- _What to do_:
Repeat, exactly as they appear, the lines from the one with "Showing hillsound btr stool folded up" through the last line of the entries below, but none of the pictures.

Dataset items:
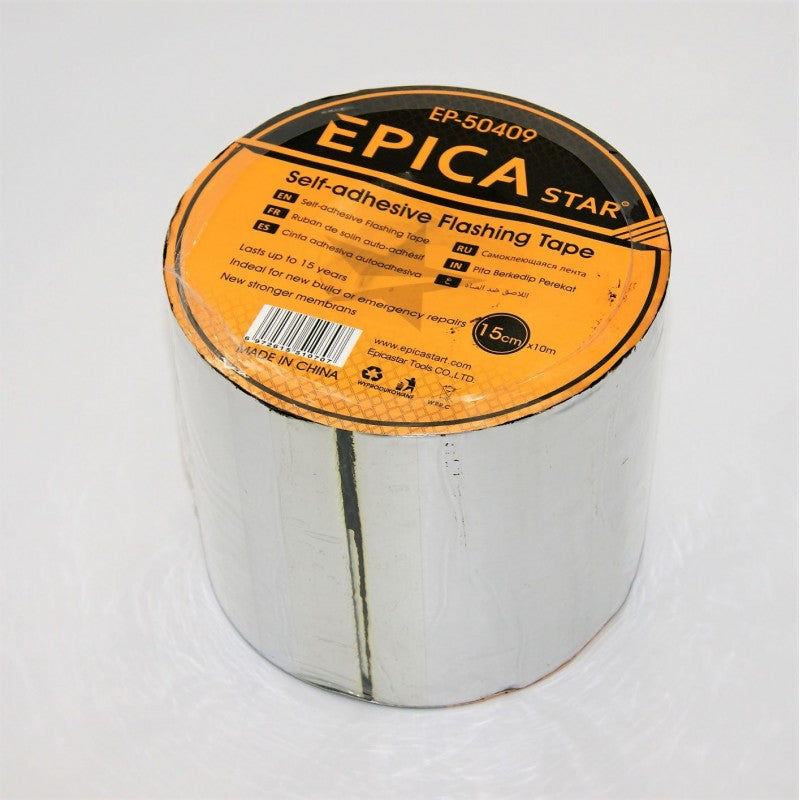 ΑΣΦΑΛΤΟΠΑΝΟ ΑΛΟΥΜΙΝΙΟΥ 15cmx10m EP-50409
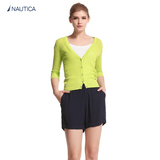 nautica/诺帝卡女装 夏季新款女子休闲针织开衫 52SC02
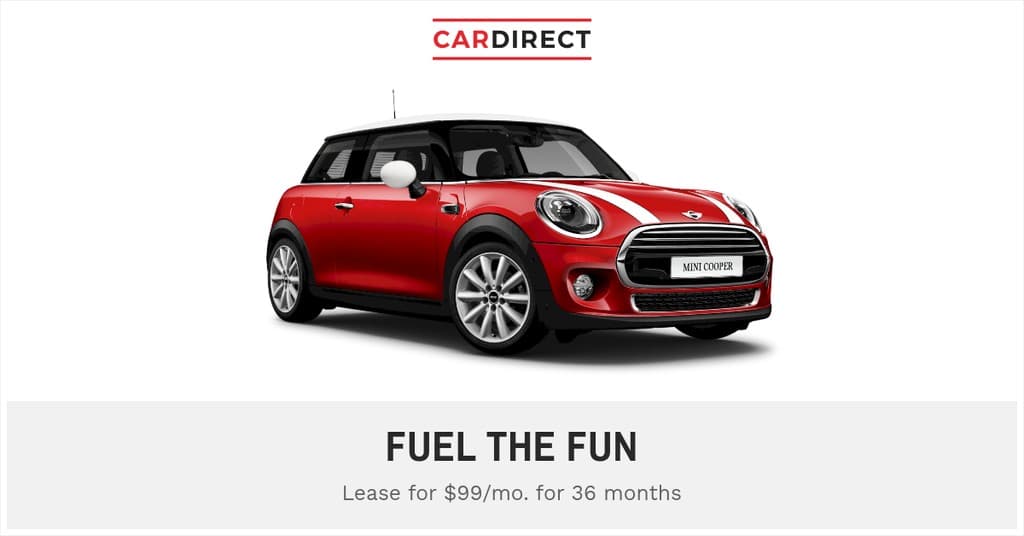 Fuel The Fun Mini Cooper Animated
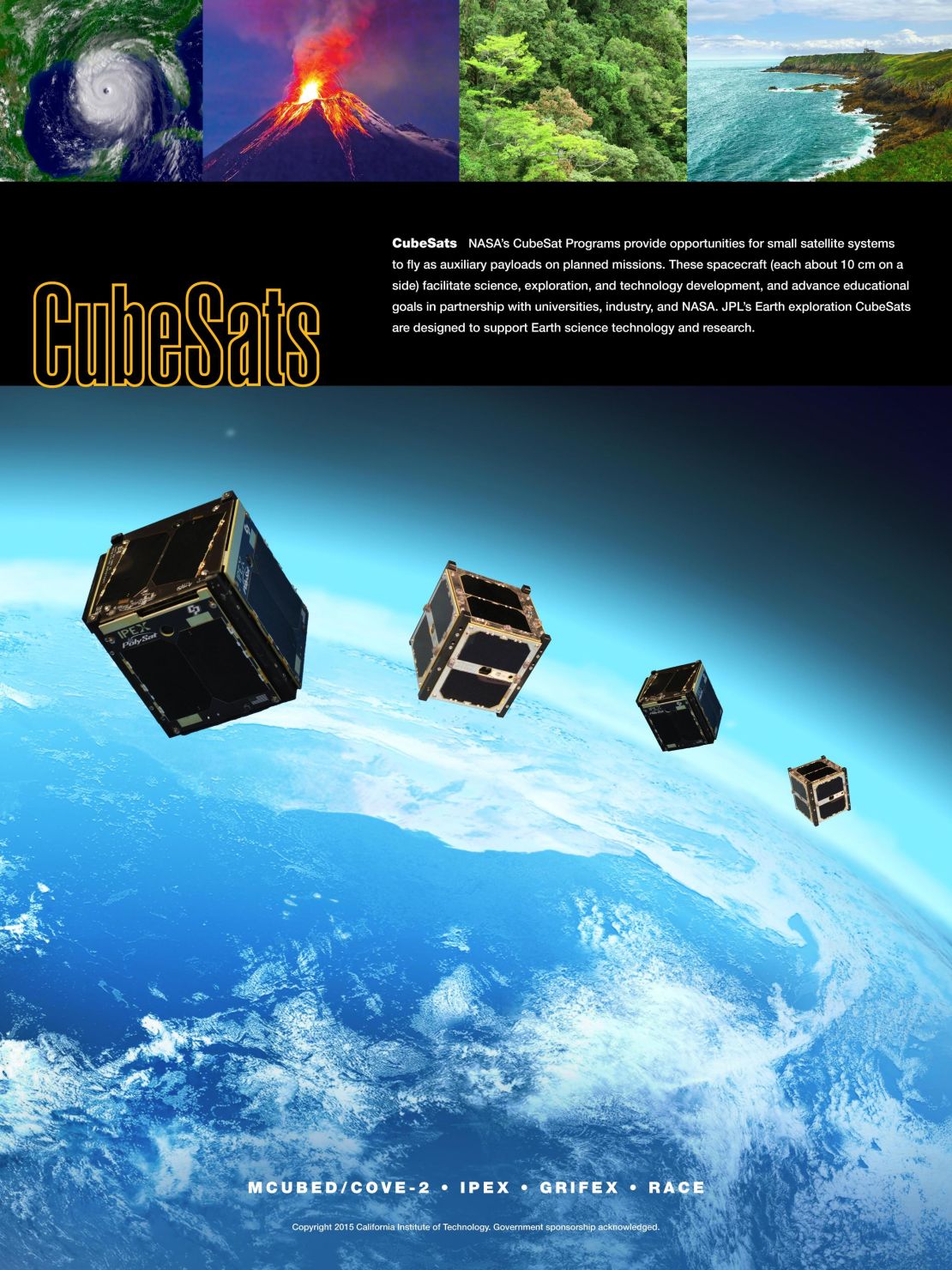 The number of satellites in space doubled in the last two years.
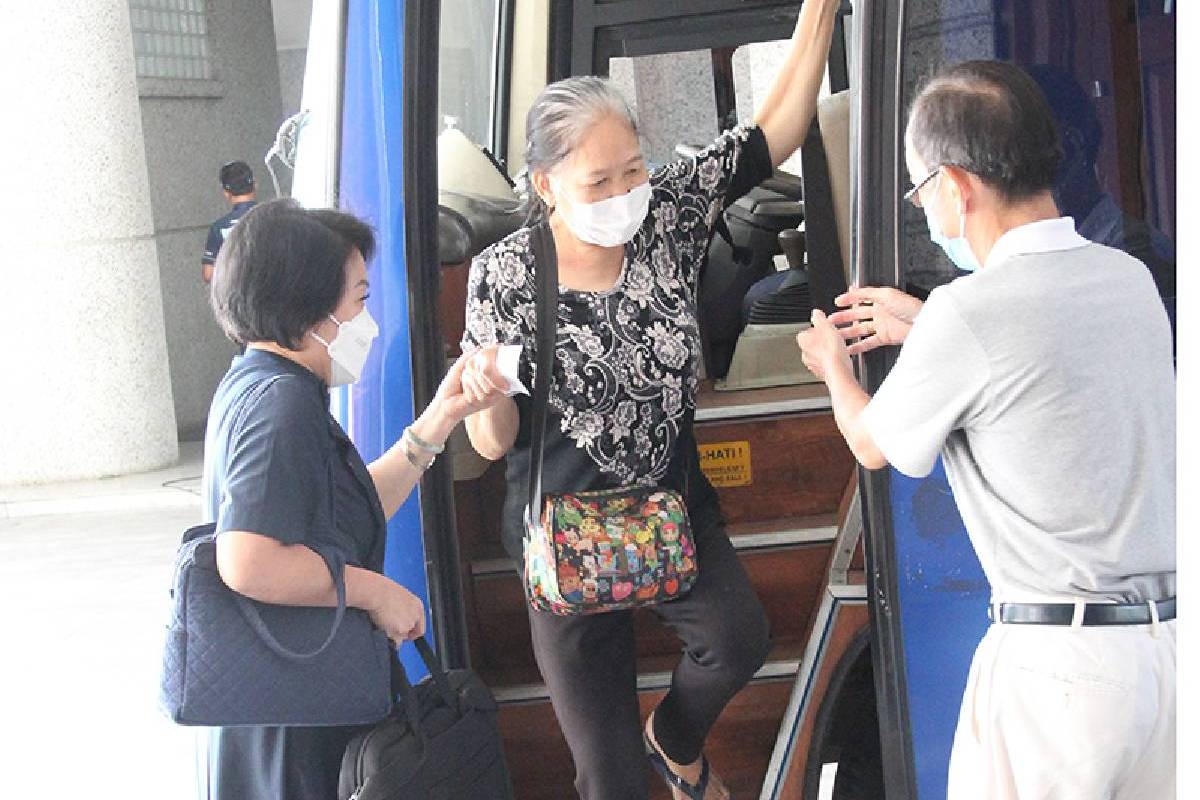 Estafet Cinta Kasih Gan En Hu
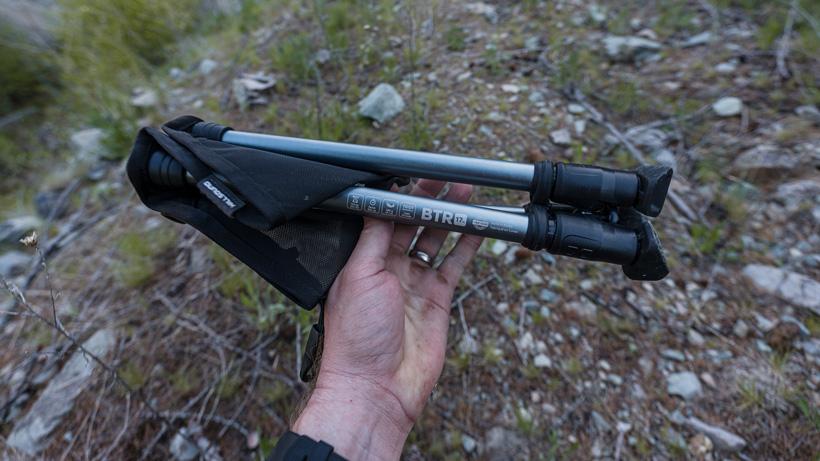 Showing hillsound btr stool folded up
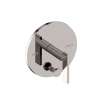 Newport Brass Pavani: Balanced Pressure Tub & Shower Diverter Plate with Handle. Less Showerhead, arm and flange.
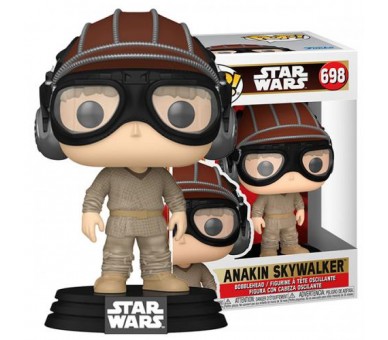 Funko POP! Star Wars: Anakin w/Helmet (698)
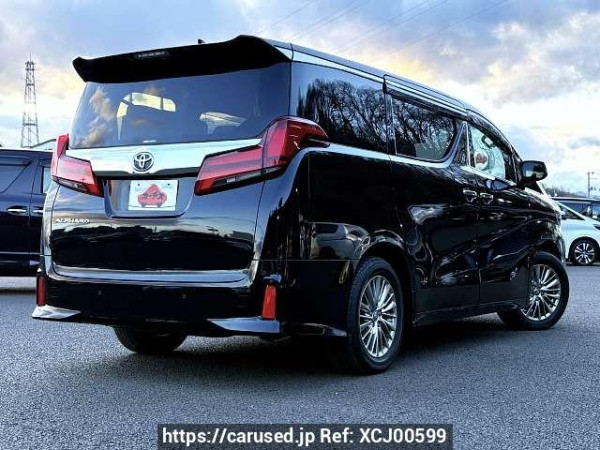 Used 2022 AT toyota alphard 3BA-AGH30W Image[2]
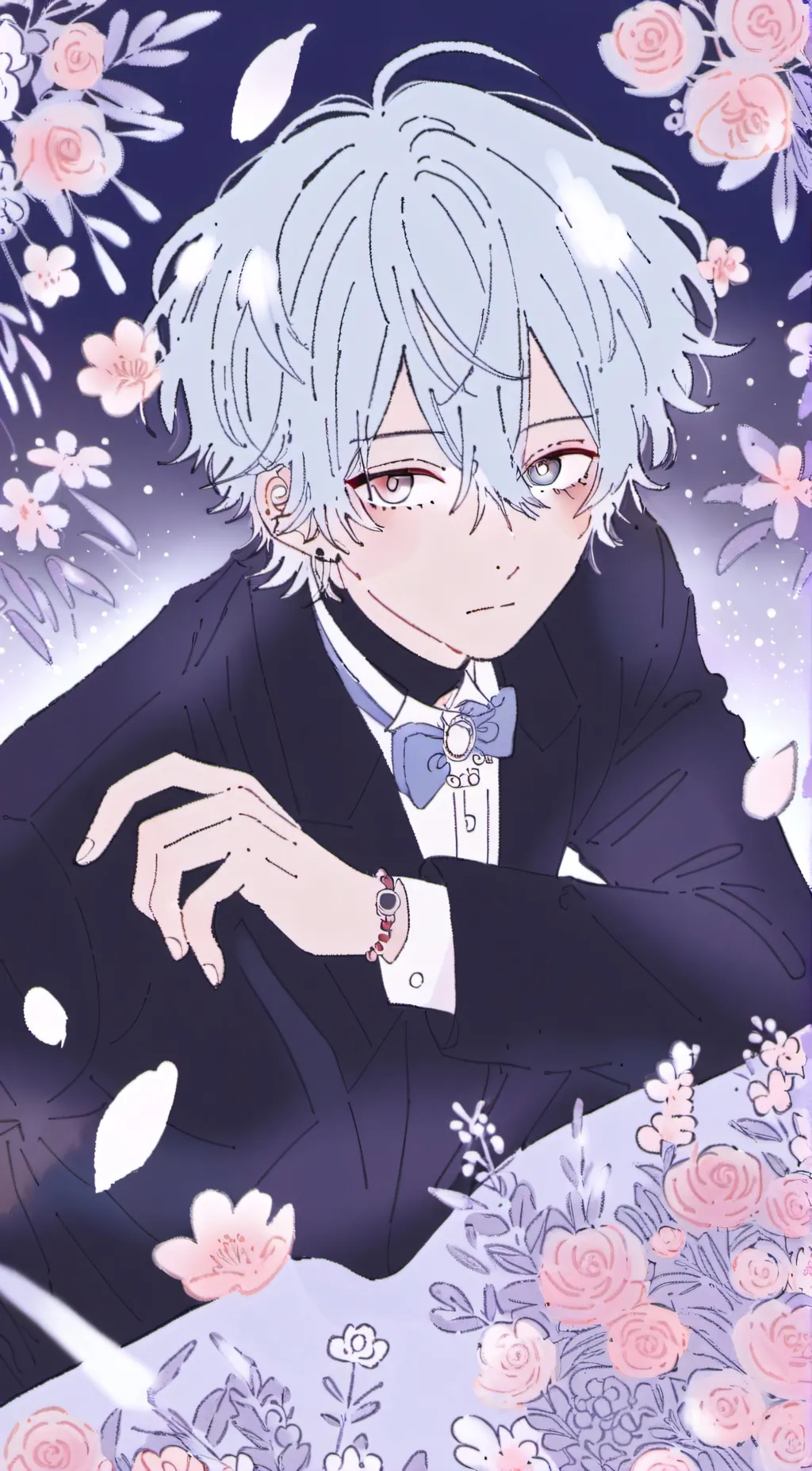 ai character: al background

- _Output of the task_:
 Showing hillsound btr stool folded up
 Newport Brass Pavani: Balanced Pressure Tub & Shower Diverter Plate with Handle. Less Showerhead, arm and flange.
 Funko POP! Star Wars: Anakin w/Helmet (698)
 Used 2022 AT toyota alphard 3BA-AGH30W Image[2]
 ai character: al background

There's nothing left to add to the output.